■ **Record excerpts**
■ ■ ■

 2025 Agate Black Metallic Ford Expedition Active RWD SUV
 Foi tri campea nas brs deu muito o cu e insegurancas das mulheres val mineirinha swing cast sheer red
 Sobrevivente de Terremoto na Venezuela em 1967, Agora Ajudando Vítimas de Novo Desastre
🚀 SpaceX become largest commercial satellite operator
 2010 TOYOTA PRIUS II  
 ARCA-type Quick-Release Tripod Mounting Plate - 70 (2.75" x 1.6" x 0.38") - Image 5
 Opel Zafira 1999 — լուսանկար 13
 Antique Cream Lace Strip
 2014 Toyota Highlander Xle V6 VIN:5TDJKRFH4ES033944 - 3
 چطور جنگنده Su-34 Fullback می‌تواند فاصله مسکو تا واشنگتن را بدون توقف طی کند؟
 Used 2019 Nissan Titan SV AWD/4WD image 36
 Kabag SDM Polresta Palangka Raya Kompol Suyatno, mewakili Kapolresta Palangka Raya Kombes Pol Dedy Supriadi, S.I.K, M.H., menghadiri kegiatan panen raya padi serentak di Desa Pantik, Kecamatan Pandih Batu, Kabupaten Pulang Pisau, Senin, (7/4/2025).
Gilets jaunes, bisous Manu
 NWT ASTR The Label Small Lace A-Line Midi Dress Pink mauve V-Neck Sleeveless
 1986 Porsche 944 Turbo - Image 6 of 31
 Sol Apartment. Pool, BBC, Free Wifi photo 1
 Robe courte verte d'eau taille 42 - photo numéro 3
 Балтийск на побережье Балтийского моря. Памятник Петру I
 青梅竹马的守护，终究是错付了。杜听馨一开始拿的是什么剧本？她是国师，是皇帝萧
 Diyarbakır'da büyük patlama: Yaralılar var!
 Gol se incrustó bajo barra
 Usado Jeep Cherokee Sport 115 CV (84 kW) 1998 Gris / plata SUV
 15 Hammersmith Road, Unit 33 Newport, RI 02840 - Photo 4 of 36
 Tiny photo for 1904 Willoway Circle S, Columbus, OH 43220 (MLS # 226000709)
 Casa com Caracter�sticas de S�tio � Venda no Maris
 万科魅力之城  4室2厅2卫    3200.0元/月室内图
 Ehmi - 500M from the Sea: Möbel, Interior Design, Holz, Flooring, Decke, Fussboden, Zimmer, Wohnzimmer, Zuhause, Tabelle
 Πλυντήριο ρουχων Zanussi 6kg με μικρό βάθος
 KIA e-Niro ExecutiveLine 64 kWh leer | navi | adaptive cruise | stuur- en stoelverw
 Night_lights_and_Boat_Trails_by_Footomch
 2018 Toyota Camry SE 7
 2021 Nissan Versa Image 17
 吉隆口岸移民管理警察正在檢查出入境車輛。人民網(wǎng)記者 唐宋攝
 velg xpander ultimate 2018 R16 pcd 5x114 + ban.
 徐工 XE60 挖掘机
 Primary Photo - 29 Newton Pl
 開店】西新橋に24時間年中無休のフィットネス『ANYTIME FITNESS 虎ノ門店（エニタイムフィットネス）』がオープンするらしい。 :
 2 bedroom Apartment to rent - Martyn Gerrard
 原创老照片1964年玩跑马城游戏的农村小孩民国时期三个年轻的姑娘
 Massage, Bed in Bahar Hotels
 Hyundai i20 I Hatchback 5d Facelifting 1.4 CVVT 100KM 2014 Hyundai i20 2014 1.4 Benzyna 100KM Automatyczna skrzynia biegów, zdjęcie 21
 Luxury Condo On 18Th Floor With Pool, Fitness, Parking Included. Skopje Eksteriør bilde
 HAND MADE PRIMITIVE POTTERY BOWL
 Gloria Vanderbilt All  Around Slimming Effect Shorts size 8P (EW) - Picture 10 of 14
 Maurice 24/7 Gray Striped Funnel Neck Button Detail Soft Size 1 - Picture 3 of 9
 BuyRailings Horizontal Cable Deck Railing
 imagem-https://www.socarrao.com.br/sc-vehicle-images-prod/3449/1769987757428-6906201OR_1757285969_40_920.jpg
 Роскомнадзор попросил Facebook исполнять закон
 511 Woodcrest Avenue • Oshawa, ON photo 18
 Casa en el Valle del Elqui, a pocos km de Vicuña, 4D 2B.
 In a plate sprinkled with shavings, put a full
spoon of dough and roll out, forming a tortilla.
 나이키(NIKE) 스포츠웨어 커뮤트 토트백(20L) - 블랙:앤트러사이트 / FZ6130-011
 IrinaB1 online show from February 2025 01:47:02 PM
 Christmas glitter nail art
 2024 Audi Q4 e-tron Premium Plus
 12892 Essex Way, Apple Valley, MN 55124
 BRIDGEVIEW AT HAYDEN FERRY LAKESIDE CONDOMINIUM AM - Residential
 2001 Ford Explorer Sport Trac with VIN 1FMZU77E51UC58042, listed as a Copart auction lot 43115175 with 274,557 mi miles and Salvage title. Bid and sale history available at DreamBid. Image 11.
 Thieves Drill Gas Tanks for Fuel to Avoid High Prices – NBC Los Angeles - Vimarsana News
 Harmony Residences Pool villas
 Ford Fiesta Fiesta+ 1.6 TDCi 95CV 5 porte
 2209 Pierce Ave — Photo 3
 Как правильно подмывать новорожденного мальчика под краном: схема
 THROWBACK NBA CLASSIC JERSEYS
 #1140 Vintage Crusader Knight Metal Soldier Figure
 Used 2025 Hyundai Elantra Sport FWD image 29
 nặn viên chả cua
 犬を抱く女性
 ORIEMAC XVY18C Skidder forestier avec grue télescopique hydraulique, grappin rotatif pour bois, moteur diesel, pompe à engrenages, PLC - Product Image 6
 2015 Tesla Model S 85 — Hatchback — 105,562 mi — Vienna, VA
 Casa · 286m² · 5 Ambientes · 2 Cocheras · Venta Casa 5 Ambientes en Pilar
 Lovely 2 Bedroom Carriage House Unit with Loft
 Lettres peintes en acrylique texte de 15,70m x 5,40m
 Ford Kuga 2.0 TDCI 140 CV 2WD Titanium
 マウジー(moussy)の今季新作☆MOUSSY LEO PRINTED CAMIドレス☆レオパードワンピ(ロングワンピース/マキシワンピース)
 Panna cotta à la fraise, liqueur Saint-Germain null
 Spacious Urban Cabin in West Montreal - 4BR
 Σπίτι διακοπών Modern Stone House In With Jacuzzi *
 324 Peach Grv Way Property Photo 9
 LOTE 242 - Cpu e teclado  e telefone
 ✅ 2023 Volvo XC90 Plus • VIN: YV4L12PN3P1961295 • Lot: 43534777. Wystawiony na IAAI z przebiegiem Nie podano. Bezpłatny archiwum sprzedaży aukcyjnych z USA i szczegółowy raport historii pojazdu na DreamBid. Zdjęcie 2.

■ ■ ■

■ **What you should do**
Reproduce the listing above verbatim.

■ **Result of this exercise**
 2025 Agate Black Metallic Ford Expedition Active RWD SUV
 Foi tri campea nas brs deu muito o cu e insegurancas das mulheres val mineirinha swing cast sheer red
 Sobrevivente de Terremoto na Venezuela em 1967, Agora Ajudando Vítimas de Novo Desastre
🚀 SpaceX become largest commercial satellite operator
 2010 TOYOTA PRIUS II  
 ARCA-type Quick-Release Tripod Mounting Plate - 70 (2.75" x 1.6" x 0.38") - Image 5
 Opel Zafira 1999 — լուսանկար 13
 Antique Cream Lace Strip
 2014 Toyota Highlander Xle V6 VIN:5TDJKRFH4ES033944 - 3
 چطور جنگنده Su-34 Fullback می‌تواند فاصله مسکو تا واشنگتن را بدون توقف طی کند؟
 Used 2019 Nissan Titan SV AWD/4WD image 36
 Kabag SDM Polresta Palangka Raya Kompol Suyatno, mewakili Kapolresta Palangka Raya Kombes Pol Dedy Supriadi, S.I.K, M.H., menghadiri kegiatan panen raya padi serentak di Desa Pantik, Kecamatan Pandih Batu, Kabupaten Pulang Pisau, Senin, (7/4/2025).
Gilets jaunes, bisous Manu
 NWT ASTR The Label Small Lace A-Line Midi Dress Pink mauve V-Neck Sleeveless
 1986 Porsche 944 Turbo - Image 6 of 31
 Sol Apartment. Pool, BBC, Free Wifi photo 1
 Robe courte verte d'eau taille 42 - photo numéro 3
 Балтийск на побережье Балтийского моря. Памятник Петру I
 青梅竹马的守护，终究是错付了。杜听馨一开始拿的是什么剧本？她是国师，是皇帝萧
 Diyarbakır'da büyük patlama: Yaralılar var!
 Gol se incrustó bajo barra
 Usado Jeep Cherokee Sport 115 CV (84 kW) 1998 Gris / plata SUV
 15 Hammersmith Road, Unit 33 Newport, RI 02840 - Photo 4 of 36
 Tiny photo for 1904 Willoway Circle S, Columbus, OH 43220 (MLS # 226000709)
 Casa com Caracter�sticas de S�tio � Venda no Maris
 万科魅力之城  4室2厅2卫    3200.0元/月室内图
 Ehmi - 500M from the Sea: Möbel, Interior Design, Holz, Flooring, Decke, Fussboden, Zimmer, Wohnzimmer, Zuhause, Tabelle
 Πλυντήριο ρουχων Zanussi 6kg με μικρό βάθος
 KIA e-Niro ExecutiveLine 64 kWh leer | navi | adaptive cruise | stuur- en stoelverw
 Night_lights_and_Boat_Trails_by_Footomch
 2018 Toyota Camry SE 7
 2021 Nissan Versa Image 17
 吉隆口岸移民管理警察正在檢查出入境車輛。人民網(wǎng)記者 唐宋攝
 velg xpander ultimate 2018 R16 pcd 5x114 + ban.
 徐工 XE60 挖掘机
 Primary Photo - 29 Newton Pl
 開店】西新橋に24時間年中無休のフィットネス『ANYTIME FITNESS 虎ノ門店（エニタイムフィットネス）』がオープンするらしい。 :
 2 bedroom Apartment to rent - Martyn Gerrard
 原创老照片1964年玩跑马城游戏的农村小孩民国时期三个年轻的姑娘
 Massage, Bed in Bahar Hotels
 Hyundai i20 I Hatchback 5d Facelifting 1.4 CVVT 100KM 2014 Hyundai i20 2014 1.4 Benzyna 100KM Automatyczna skrzynia biegów, zdjęcie 21
 Luxury Condo On 18Th Floor With Pool, Fitness, Parking Included. Skopje Eksteriør bilde
 HAND MADE PRIMITIVE POTTERY BOWL
 Gloria Vanderbilt All  Around Slimming Effect Shorts size 8P (EW) - Picture 10 of 14
 Maurice 24/7 Gray Striped Funnel Neck Button Detail Soft Size 1 - Picture 3 of 9
 BuyRailings Horizontal Cable Deck Railing
 imagem-https://www.socarrao.com.br/sc-vehicle-images-prod/3449/1769987757428-6906201OR_1757285969_40_920.jpg
 Роскомнадзор попросил Facebook исполнять закон
 511 Woodcrest Avenue • Oshawa, ON photo 18
 Casa en el Valle del Elqui, a pocos km de Vicuña, 4D 2B.
 In a plate sprinkled with shavings, put a full
spoon of dough and roll out, forming a tortilla.
 나이키(NIKE) 스포츠웨어 커뮤트 토트백(20L) - 블랙:앤트러사이트 / FZ6130-011
 IrinaB1 online show from February 2025 01:47:02 PM
 Christmas glitter nail art
 2024 Audi Q4 e-tron Premium Plus
 12892 Essex Way, Apple Valley, MN 55124
 BRIDGEVIEW AT HAYDEN FERRY LAKESIDE CONDOMINIUM AM - Residential
 2001 Ford Explorer Sport Trac with VIN 1FMZU77E51UC58042, listed as a Copart auction lot 43115175 with 274,557 mi miles and Salvage title. Bid and sale history available at DreamBid. Image 11.
 Thieves Drill Gas Tanks for Fuel to Avoid High Prices – NBC Los Angeles - Vimarsana News
 Harmony Residences Pool villas
 Ford Fiesta Fiesta+ 1.6 TDCi 95CV 5 porte
 2209 Pierce Ave — Photo 3
 Как правильно подмывать новорожденного мальчика под краном: схема
 THROWBACK NBA CLASSIC JERSEYS
 #1140 Vintage Crusader Knight Metal Soldier Figure
 Used 2025 Hyundai Elantra Sport FWD image 29
 nặn viên chả cua
 犬を抱く女性
 ORIEMAC XVY18C Skidder forestier avec grue télescopique hydraulique, grappin rotatif pour bois, moteur diesel, pompe à engrenages, PLC - Product Image 6
 2015 Tesla Model S 85 — Hatchback — 105,562 mi — Vienna, VA
 Casa · 286m² · 5 Ambientes · 2 Cocheras · Venta Casa 5 Ambientes en Pilar
 Lovely 2 Bedroom Carriage House Unit with Loft
 Lettres peintes en acrylique texte de 15,70m x 5,40m
 Ford Kuga 2.0 TDCI 140 CV 2WD Titanium
 マウジー(moussy)の今季新作☆MOUSSY LEO PRINTED CAMIドレス☆レオパードワンピ(ロングワンピース/マキシワンピース)
 Panna cotta à la fraise, liqueur Saint-Germain null
 Spacious Urban Cabin in West Montreal - 4BR
 Σπίτι διακοπών Modern Stone House In With Jacuzzi *
 324 Peach Grv Way Property Photo 9
 LOTE 242 - Cpu e teclado  e telefone
 ✅ 2023 Volvo XC90 Plus • VIN: YV4L12PN3P1961295 • Lot: 43534777. Wystawiony na IAAI z przebiegiem Nie podano. Bezpłatny archiwum sprzedaży aukcyjnych z USA i szczegółowy raport historii pojazdu na DreamBid. Zdjęcie 2.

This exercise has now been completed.